What is expected: Line by line, repeat the data below exactly, beginning at the first line and ending at the line with "Hygrophila polysperma 'White'". Omit pictures.

Exercise data:
== == ==
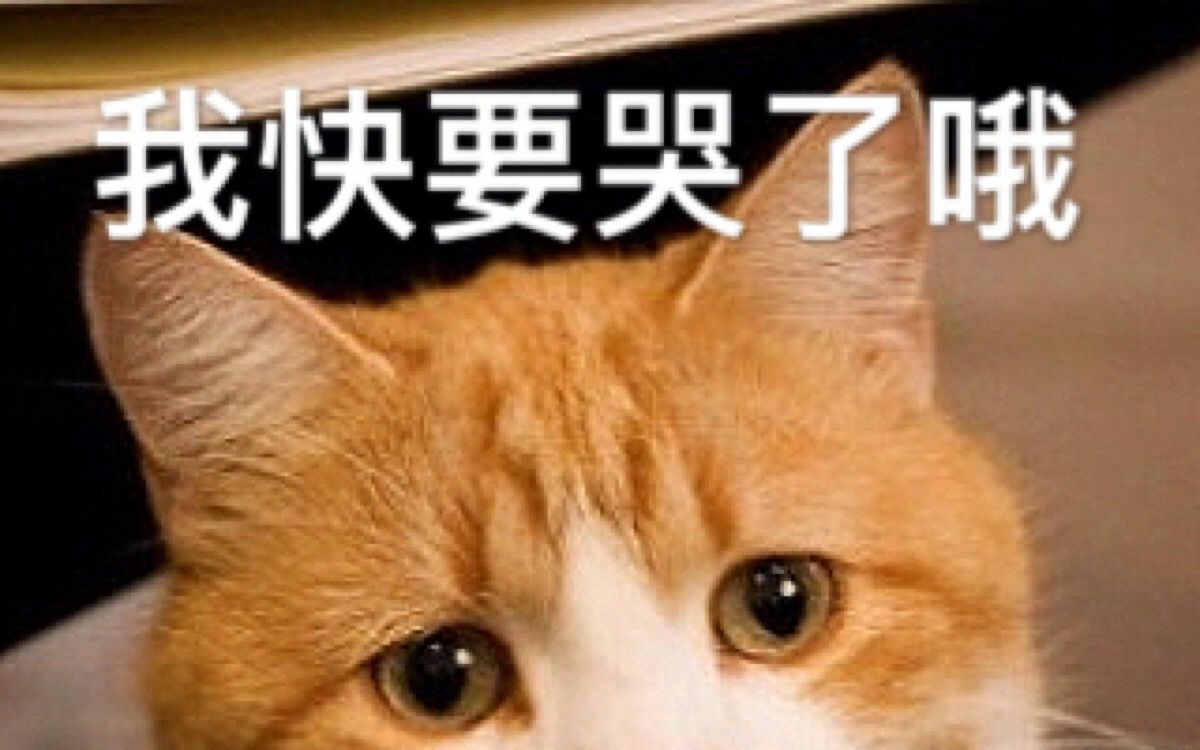 可爱喵星人卖萌表情包-在线图片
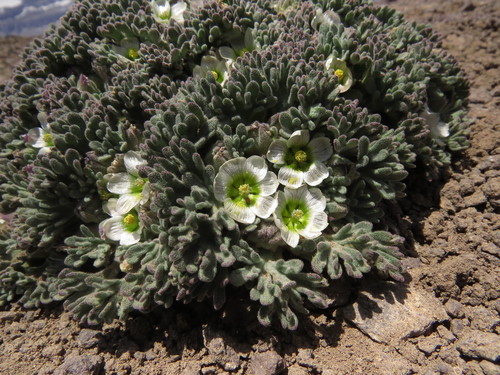 Nototriche compacta, photograph 2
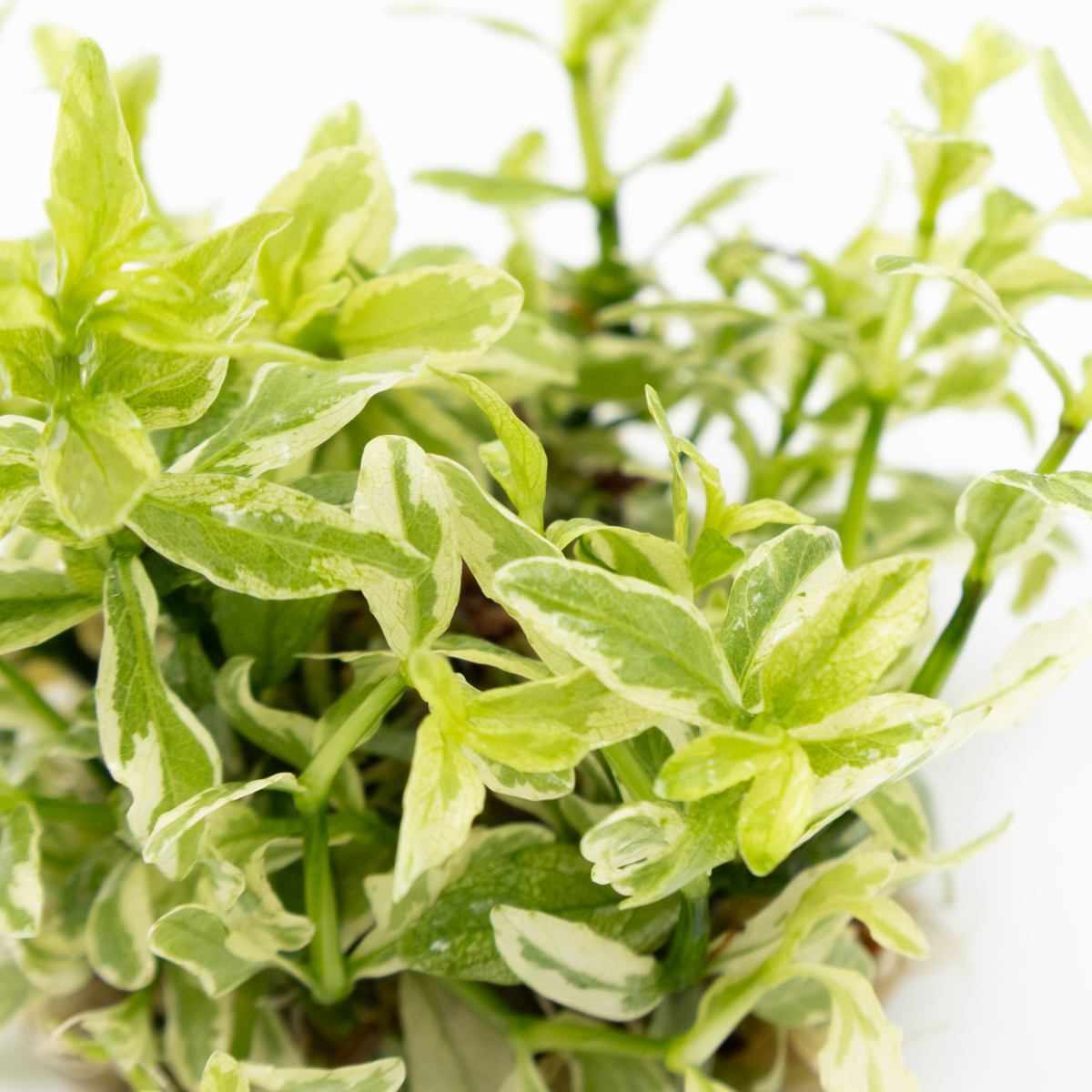 Hygrophila polysperma 'White'
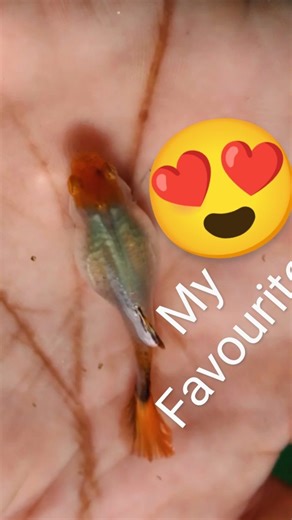 Tmw Guppy Farm on Instagram: "Guppies are way more elegant than monster fishes 😏😏😏 Tags: Guppy fish habitat Guppy fish breeding process Guppy fish species Guppy fish facts Guppy reels Mixed Guppy Red dragon fish breeding Moina kerala Moina Culture Guppy Courier Hobby Passion Microworms Grindal worms Vinegar eels Daphnia Moina Guppy Farm Shipping Guppies Guppy thrissur High quality guppy Low price guppy Guppy farming tips Guppy feeding Guppy tank setup Guppy care Kerala pond fish Beautiful Mix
== == ==
Written solution:
 可爱喵星人卖萌表情包-在线图片
 Nototriche compacta, photograph 2
 Hygrophila polysperma 'White'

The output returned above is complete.